▸ Aim of the exercise:
Each entry below must be written out exactly, with pictures left out.
Extracted information: Begin
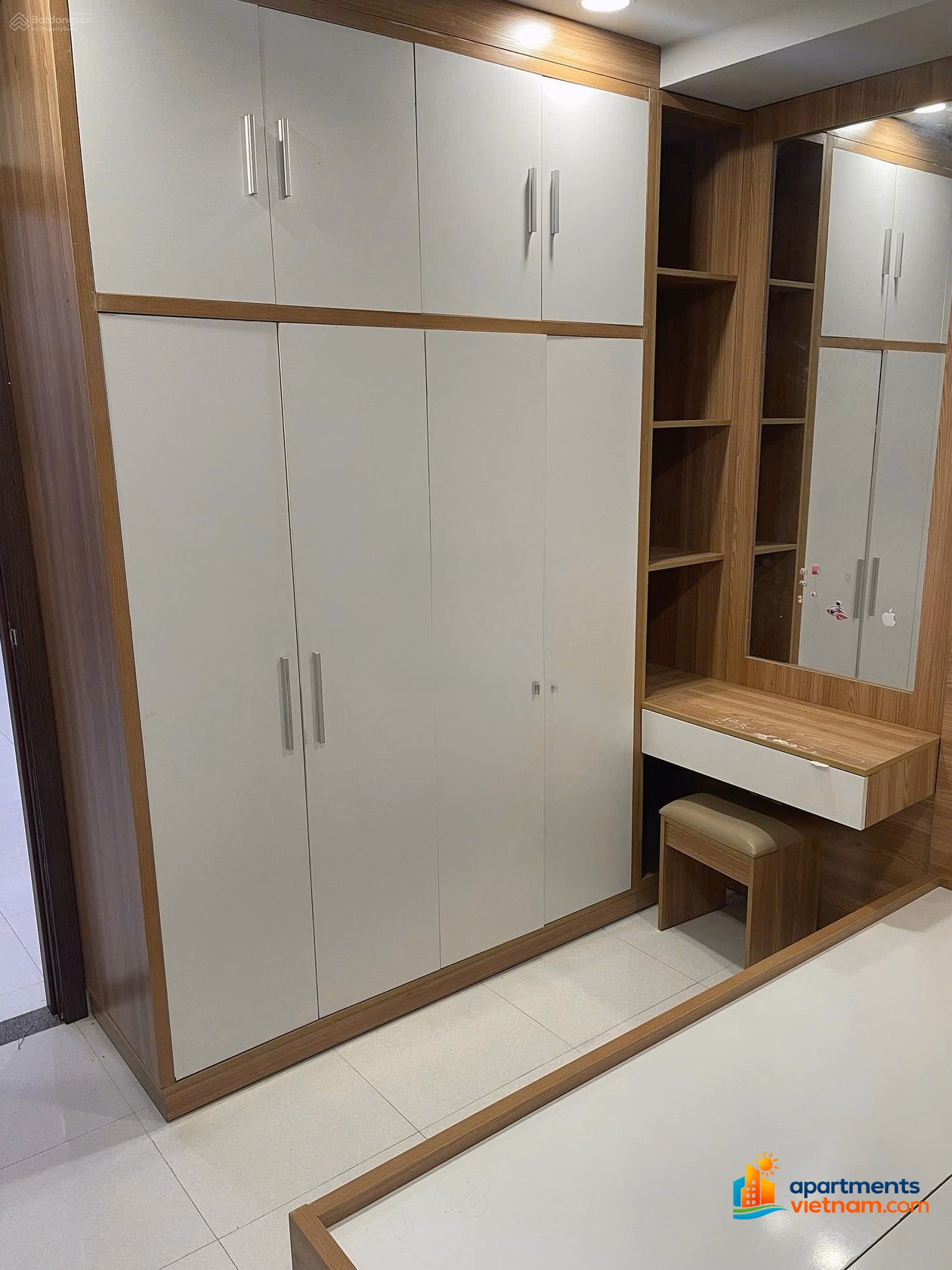 Selling furnished 2-bedroom apartment in CT2B HUD Phuoc Long, South Nha Trang. Cheap price only 2.1 billion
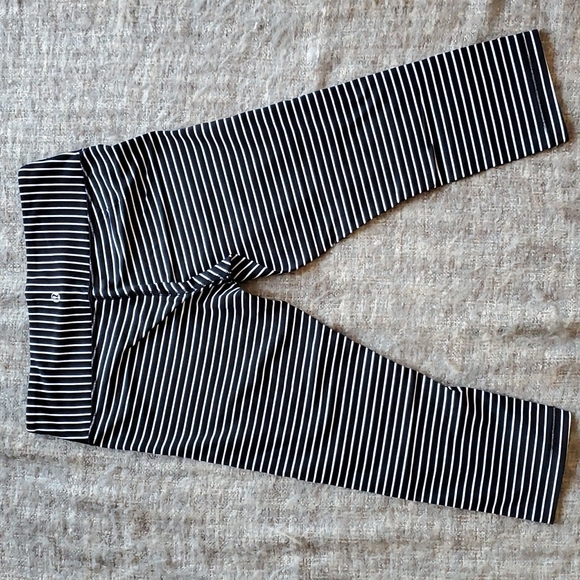 Lululemon Wunder Under Crops - Picture 4 of 4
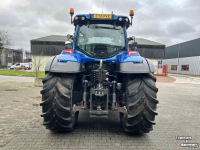 Tractor Valtra T214 Versu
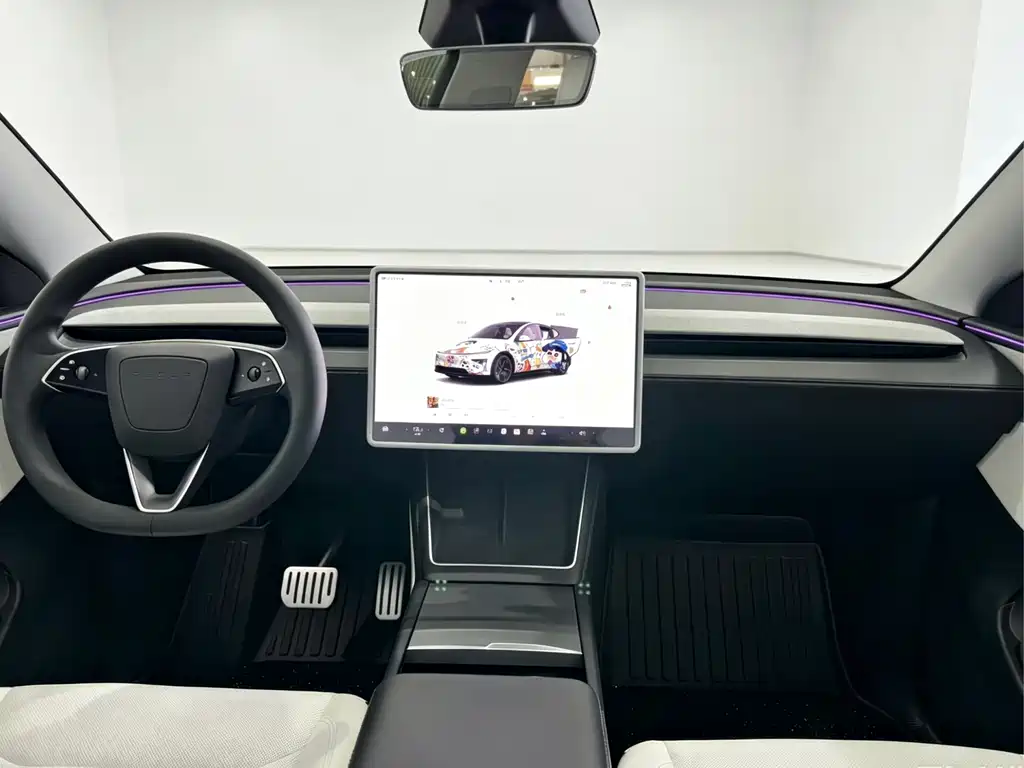 Tesla Model Y 2025 — фото 11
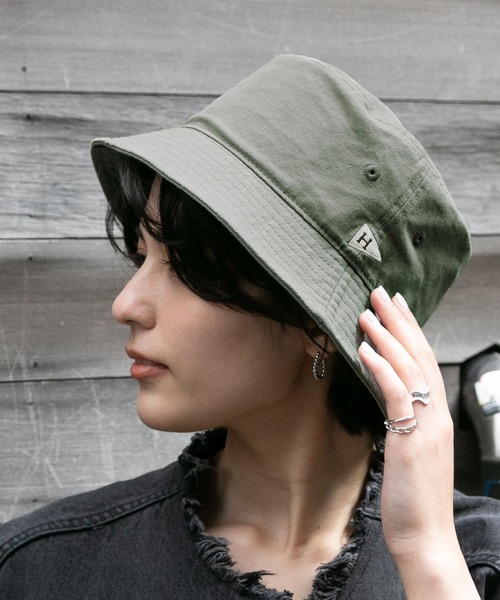 Healthknit(ヘルスニット)の「【Healthknit】ペナント刺繍バケットハット(ハット・レディース・ブラック/キャメル/オリーブ・FREE)」の3枚目の写真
Extracted information: End
▸ Task output:
 Selling furnished 2-bedroom apartment in CT2B HUD Phuoc Long, South Nha Trang. Cheap price only 2.1 billion
 Lululemon Wunder Under Crops - Picture 4 of 4
 Tractor Valtra T214 Versu
 Tesla Model Y 2025 — фото 11
 Healthknit(ヘルスニット)の「【Healthknit】ペナント刺繍バケットハット(ハット・レディース・ブラック/キャメル/オリーブ・FREE)」の3枚目の写真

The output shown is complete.